Mets stay opportunistic with diverse Day 2 haul

July 19th, 2022

NEW YORK -- For the Mets, Day 2 of the Draft brought a diversity of talent. Rather than focus on one area of need -- say, college pitching or power hitting -- the Mets scattered their eight Day 2 picks across the talent spectrum.

The day began with University of Florida right-hander Brandon Sproat, whose 100 mph fastball immediately makes him one of the better pitching prospects in the organization. It ended with Arkansas reliever Zebulon Vermillion, who may feature the best Scrabble name of any 2022 draftee. In between, the Mets had plenty of highlights:

Teammates reunited
Sproat, the Mets’ third-rounder at No. 90 overall, will enter the organization alongside a familiar face, having played with the organization’s top selection, catcher Kevin Parada, on the 2021 USA Baseball Collegiate National Team. The two now rank among New York’s top names to dream on.

Unlike many college pitchers, Sproat is not the polished prospect that, say, David Peterson was when the Mets took him in the first round in 2017. Sproat struggled a bit early in his junior season at the University of Florida, losing four out of five decisions at one point before recovering to go 6-0 with a 1.59 ERA and 33 strikeouts over his final six starts.

“Throwing 100 is pretty good,” Mets vice president of amateur scouting Tommy Tanous said in his description of Sproat. “It’s high-octane stuff. Not only is the velocity impressive, what’s more impressive is the movement on the fastball -- probably the best overall movement I’ve seen in the last few years. There’s a slider and a changeup. There’s a heck of a competitor and a tremendous athlete here.”

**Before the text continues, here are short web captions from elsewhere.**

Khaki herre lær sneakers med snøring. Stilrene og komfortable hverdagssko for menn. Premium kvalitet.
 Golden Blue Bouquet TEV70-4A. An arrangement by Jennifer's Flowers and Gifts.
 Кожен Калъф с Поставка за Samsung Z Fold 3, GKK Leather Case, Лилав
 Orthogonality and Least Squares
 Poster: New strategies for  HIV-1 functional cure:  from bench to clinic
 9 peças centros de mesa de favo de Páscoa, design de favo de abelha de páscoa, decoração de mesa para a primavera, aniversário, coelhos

Along with second-rounder Blade Tidwell, MLB Pipeline’s 27th-ranked Draft prospect who fell to the Mets at No. 52 overall, Sproat provides high-upside starting talent to supplement Matt Allan, Calvin Ziegler and the organization’s other top arms. That remains a relatively thin group, particularly at the upper levels of the Minors.

Seeking athleticism
Sproat is not the only Mets draftee whose athleticism impressed Tanous and scouting director Marc Tramuta. The organization’s other first-round pick, Jett Williams, boasts a profile that could allow him to play four-plus positions at the highest level. (Think Jeff McNeil-type versatility.) Comp Round 2 pick Nick Morabito evokes “Chad Curtis or a smaller Clint Frazier-type physically,” according to Pipeline’s scouting report. Fifth-rounder D’Andre Smith can play all over the infield and is “a big-time energy player,” per Tramuta. Seventh-rounder Jonah Tong is “uniquely athletic” for a pitcher, says Tramuta.

While that trend did not necessarily come about by design, the Mets have become drawn to athletic players in recent years after focusing more closely on other attributes -- think the Michael Conforto profile of big bats with solid plate discipline, regardless of defensive potential -- in the past. More than ever, the Mets now value versatile players who could impact the organization in multiple roles.

“I don’t think we try to force anything too, too much where we go into the year saying, ‘We need speed. We need this,’” Tanous said. “It just happened that so many of the players had those combinations, like Morabito and obviously Jett, and they just fell on the board the right way. It’s always nice to take athletes when we have a chance to. If we can stay up the middle, take athletes, we do that.”

North of the border
One other player who stood out on Day 2 of the Draft was Tong, a Canadian high schooler whose stock rose when he struck out 14 batters over 11 2/3 innings in the MLB Draft League last month. That stat line came with plenty of wildness, including 10 walks, but the Mets believe he’s a project worth pursuing -- particularly considering that Tong’s electric performance occurred largely against college players.

“He was rated as one of the top guys in terms of data and metrics in that league, which is impressive for a younger kid,” Tramuta said. “There are some cons to the delivery and arm action, but I’ll let people that look at it on Twitter try to figure out what I mean by that. He was 90-95. We think there’s a chance for a plus breaking ball in there. I think like most high school kids, he’ll have to tighten up the command and control, but we see an upside pick here with that kid.”